On October 25, 2014, Al Najjar was charged with “belonging to the government-banned Al Islah party”, “instigating hatred against the state via Twitter”, “designing and running a website harmful to UAE institutions”, and “presenting inaccurate information to foreign organisations”. He was sentenced to three years in prison and a fine of 500,000 Emirati dirham (approx. 136,000 USD), while the court also ordered that all his social media accounts be permanently closed.
Al Najjar served his full three-year prison term on March 17, 2017, yet the Public Prosecution decided to extend his detention, arguing that Al Najjar still posed a “threat” to society. The court ordered Al Najjar’s transfer to a “counselling centre” under article 40 of Federal Law No. 7/2014 on Combating Terrorism Offences, which states that “[i]f a person appears to pose a terrorist threat, he/she shall be sent to a counselling centre, by virtue of a judgment issued by the Court and upon a request of the prosecution”. The duration of the extension of Al Najjar’s detention in the counselling centre was not specified by the court.

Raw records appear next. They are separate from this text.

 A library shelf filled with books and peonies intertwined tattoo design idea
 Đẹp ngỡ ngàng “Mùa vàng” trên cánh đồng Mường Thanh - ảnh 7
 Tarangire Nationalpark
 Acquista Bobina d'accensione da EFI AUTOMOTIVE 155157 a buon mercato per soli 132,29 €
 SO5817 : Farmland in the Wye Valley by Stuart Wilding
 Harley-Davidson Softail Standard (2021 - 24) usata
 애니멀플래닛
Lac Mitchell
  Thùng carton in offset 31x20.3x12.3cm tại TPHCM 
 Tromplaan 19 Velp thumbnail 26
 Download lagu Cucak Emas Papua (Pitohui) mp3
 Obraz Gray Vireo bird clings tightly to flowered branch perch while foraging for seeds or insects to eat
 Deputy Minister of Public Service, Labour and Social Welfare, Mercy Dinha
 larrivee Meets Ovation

On March 30, 2017, in light of the extension of Osama Al Najjar’s detention, Alkarama and International Centre for Justice and Human Rights (ICJHR) requested that the Working Group on Arbitrary Detention (WGAD) urge the UAE authorities to ensure his immediate and unconditional release. The organisations also requested that the WGAD take a clear stance on counselling centres, a type of detention facility to which terror suspects are being transferred against their will despite having served their sentence. Their prolonged detention is based on an administrative decision by the authorities as opposed to a judicial decision, thus denying individuals the right to challenge the legality of their detention.
The UAE’s crackdown on dissent
On March 16, 2018 – one year on from the onset of Al Najjar’s administrative detention – Alkarama and ICJHR raised Al Najjar’s case with the UN Special Rapporteur on the situation of human rights defenders, Michel Forst, requesting that he intervene with the authorities to ensure Al Najjar’s immediate and unconditional release.

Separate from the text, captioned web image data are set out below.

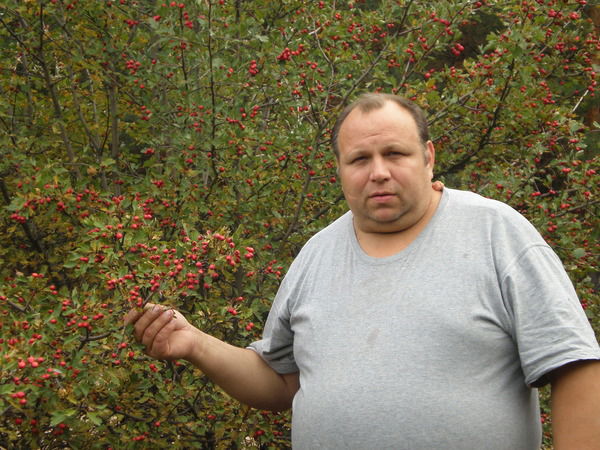 Андрей Алексеев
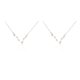 thumbnail image 3 of Collar de constelaciones Minnieouse 2piezas Libra Oro Piscis Plata, 3 of 6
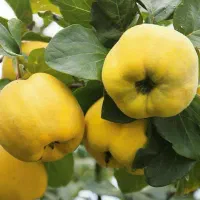 شروع پیشفروش نهال به شاهرودی شناسه دار|خدمات باغبانی و درختکاری|ماسال, |دیوار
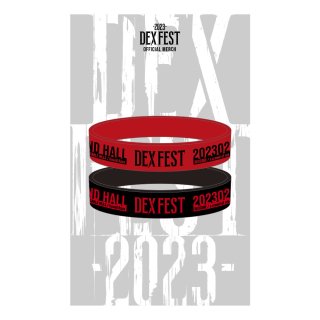 <img class='new_mark_img1' src='https://img.shop-pro.jp/img/new/icons5.gif' style='border:none;display:inline;margin:0px;padding:0px;width:auto;' />DEXCORE / RUBBER BAND（DEX FEST -2023-）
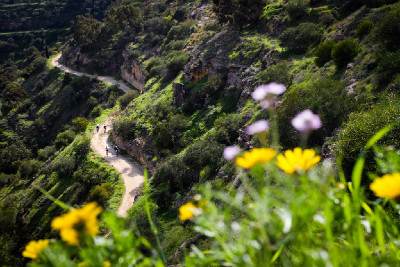 Sunshine Cup 2012 #1 - Vorokliny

Al Najjar’s detention reflects a broader trend in the UAE in which a restrictive legal framework is used to prosecute peaceful human rights defenders and those who criticise the authorities, shrinking civil society space.
During the UAE’s January 2018 Universal Periodic Review before the Human Rights Council, several Member States urged the UAE to amend its legal framework to bring it in conformity with international standards and to ensure that it is not used to stifle dissent.
In fact, the one-year anniversary of Al Najjar’s administrative detention falls within days of the anniversary of the arbitrary detention of Ahmed Mansoor, a prominent Emirati human rights defender who was arrested on March 20, 2017 as a result of his peaceful activism. Prior to his arrest, Mansoor was the only active human rights defender operating from within the country. His arrest represented the authorities’ total silencing of civil society actors operating within the country.
In light of the above information, we call upon the international community to urge the Emirati authorities to respect their obligations under international human rights law by putting an immediate end to the arbitrary and administrative detention of Osama Al Najjar.
The Alkarama Foundation
The International Campaign for Freedom in the United Arab Emirates (ICFUAE)
International Centre for Justice and Human Rights (ICJHR)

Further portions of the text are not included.